Ryanair has accepted a public apology over a newspaper claim that it had restricted the amount of fuel carried by its aircraft to the legal minimum.

The Dublin-based airline, which is the largest operator out of Stansted, brought the libel action against Independent Digital News and Media Limited at London’s High Court over a story which appeared in August in the online edition of The Independent.

Entitled “Low-fuel flights put lives at risk”, it incorrectly said that Ryanair had “restricted the amount of fuel (their aircraft carry) to the legal minimum”.

In fact, said solicitor Paul Tweed, Ryanair pilots were permitted to carry as much extra fuel, over and above the flight plan fuel ? which already included extra fuel ? as they considered necessary.

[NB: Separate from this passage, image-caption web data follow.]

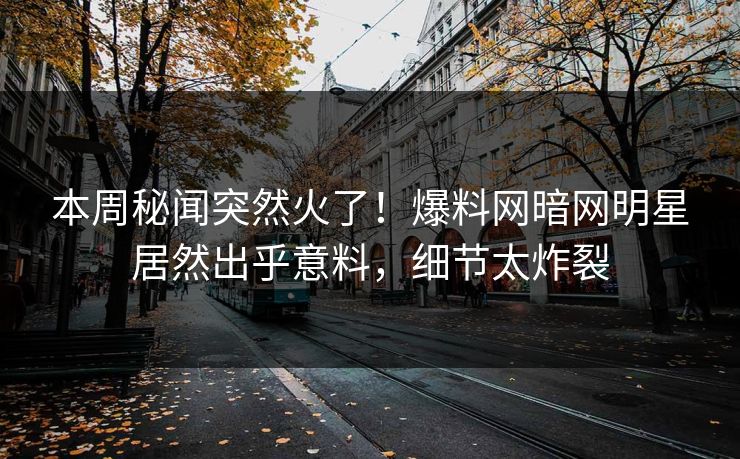 本周秘闻突然火了!爆料网暗网明星居然出乎意料,细节太炸裂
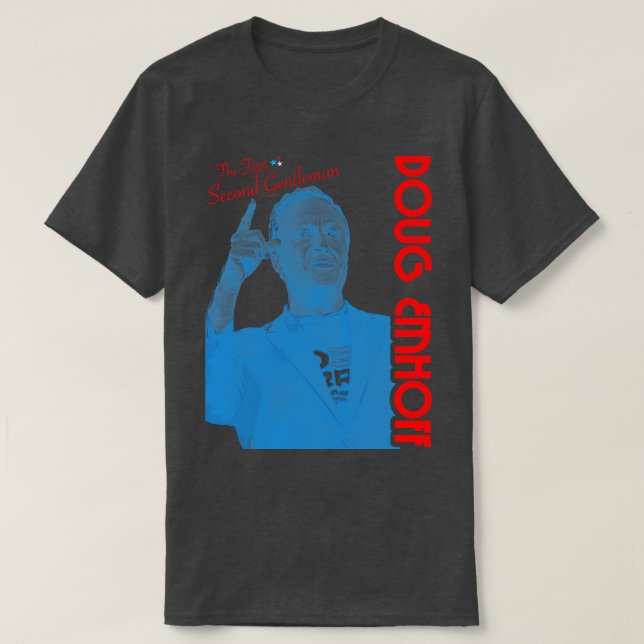 Doug Emhoff The First Second Gentleman T-Shirt (Design Front)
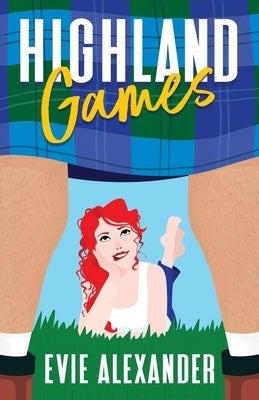 Highland Games: A Grumpy Sunshine, Enemies-to-Lovers, Steamy Romcom Paperback Emlin Press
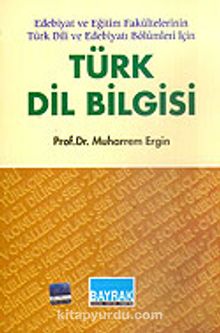 Edebiyat ve Eğitim Fakültelerinin Türk Dili ve Edebiyatı Bölümleri İçin Türk Dil Bilgisi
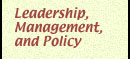 Leadership, Management, and Policy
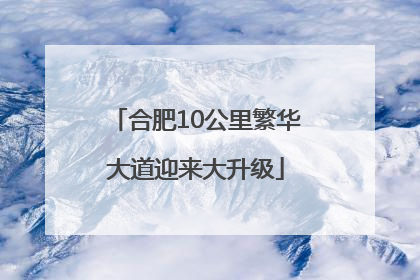 合肥10公里繁华大道迎来大升级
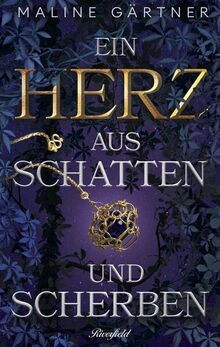 Ein Herz aus Schatten und Scherben von Gärtner, Maline | Buch | Zustand sehr gut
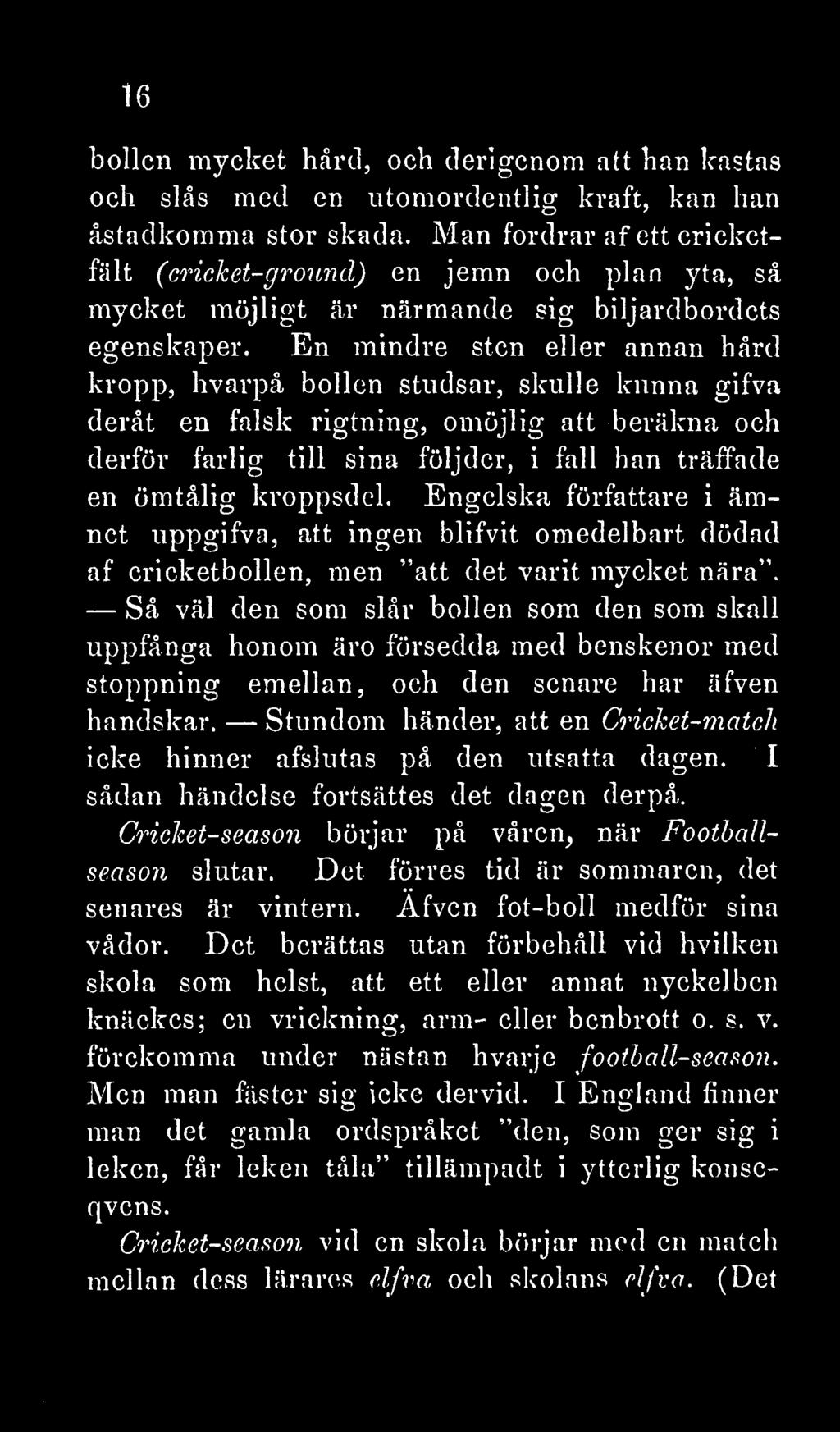 En mindre sten eller annan hård kropp, hvarpå bollen studsar, skulle kunna gifva deråt en falsk rigtning, omöjlig att beräkna och derför farlig till sina följder, i fall han träffade en ömtålig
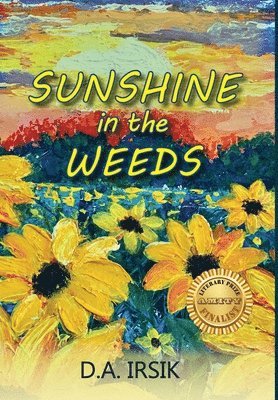 Sunshine In The Weeds 1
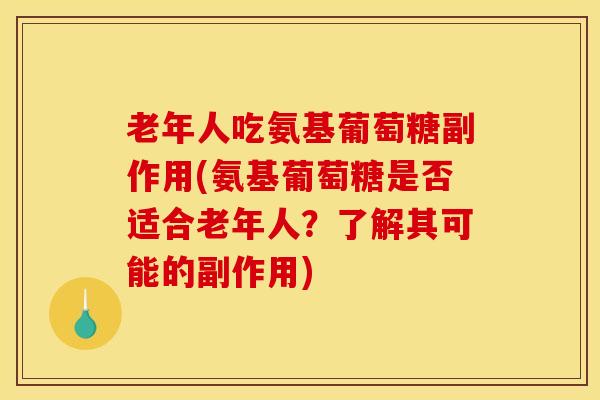 老年人吃氨基葡萄糖副作用(氨基葡萄糖是否适合老年人？了解其可能的副作用)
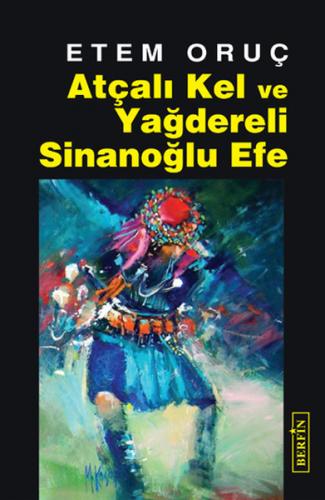 Atçalı Kel ve Yağdereli Sinanoğlu Efe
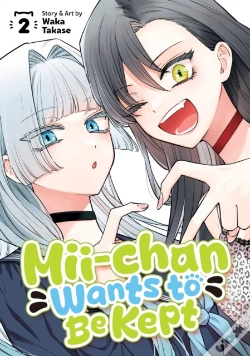 Capa do artigo Mii-Chan Wants To Be Kept Vol. 2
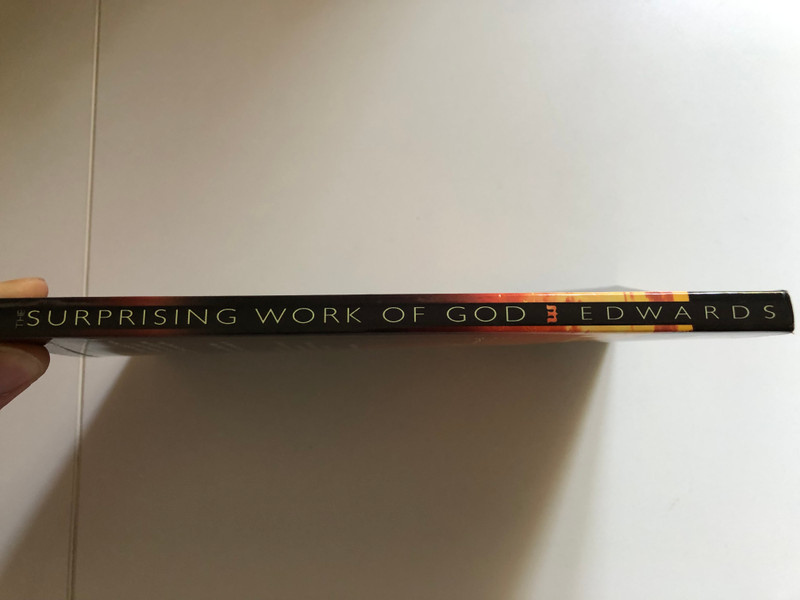 The Surprising Work of God by Jonathan Edwards / Original title: A faithful narrative of the surprising work of God / As you grow closer to God, anticipate His surprising work in your life / First published November 1, 1979 (0883682370)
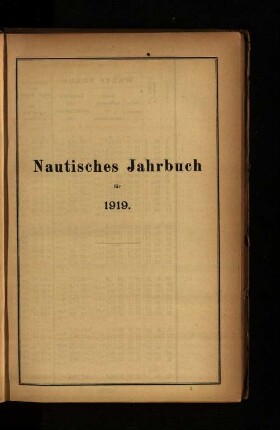 Nautisches Jahrbuch für 1919.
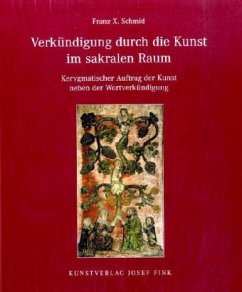 Verkündigung durch die Kunst im sakralen Raum - Schmid, Franz X.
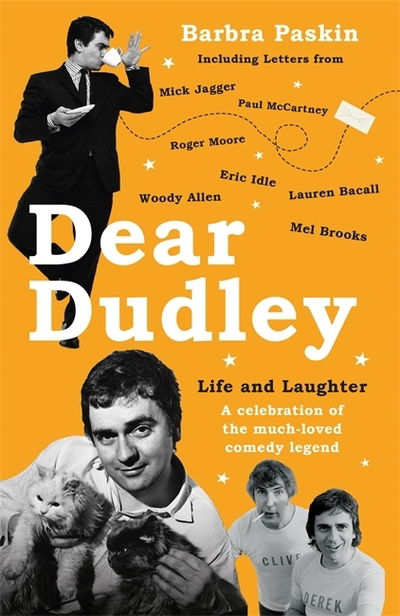 Cover for Barbra Paskin · Dear Dudley: Life and Laughter - A celebration of the much-loved comedy legend: A Celebration of the Much-Loved Comedy Legend (Hardcover Book) (2018)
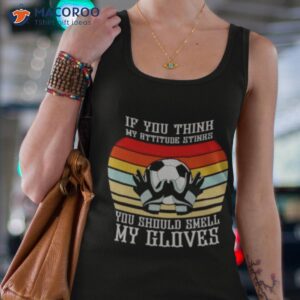 if you think my attitude stinks you should smell my gloves shirt tank top 4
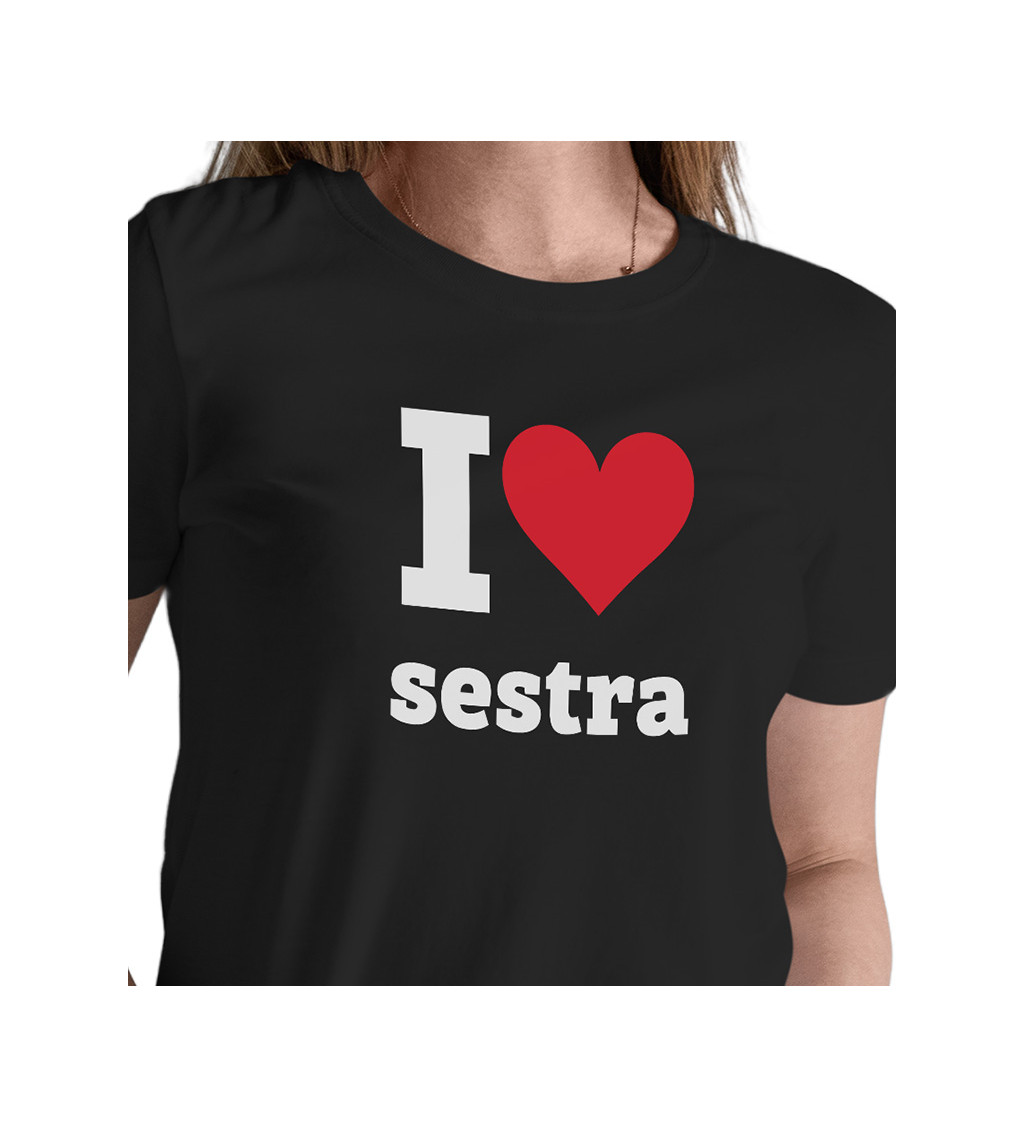 Dámské tričko černé - I love sestra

He told Mr Justice Tugendhat today that the article also referred to a legal minimum fuel-reserve which aircraft must have on landing, and claimed that one of Ryanair’s flights in 2010 landed with less than that amount of fuel.

“In fact, the legal obligation relating to fuel payload specifies the amount required on take-off (a portion of which is the requisite reserve). Ryanair complied with this requirement on take-off in the 2010 incident but declared an emergency, as required, on their approach to landing because the remaining fuel was likely to be and in the event was, less than the pre-departure reserve when the flight touched down.

“The Spanish CIAIAC (Commission for Civil Aviation Accidents and Incidents) issued a report about this incident. When the Irish Ministry of Transport subsequently met with the Spanish Development Ministry in 2012 they issued a joint press release in which they stated ‘The Irish Authorities gave an assurance of the IAA’s (Irish Aviation Authority) rigorous oversight of Ryanair’s operation and of their satisfaction with Ryanair’s safety standards which are on a par with the safest in Europe’.”

Mr Tweed said that the publisher now repeated its earlier published apology for the errors in its article and also accepted the IAA’s statement of August 15 that they “regularly review the fuel policy of Ryanair as part of our regular surveillance programme and we have no concerns currently that any undue upload restrictions implied or otherwise exist”.

Counsel Lois Cole-Wilson, for the publisher, confirmed everything Mr Tweed had said.

After the brief hearing, David O’Brien, director of flight and ground operations for Ryanair, said: “I am very satisfied with the comprehensive vindication and acknowledgement of Ryanair’s 29 year safety record by The Independent before the court this morning.”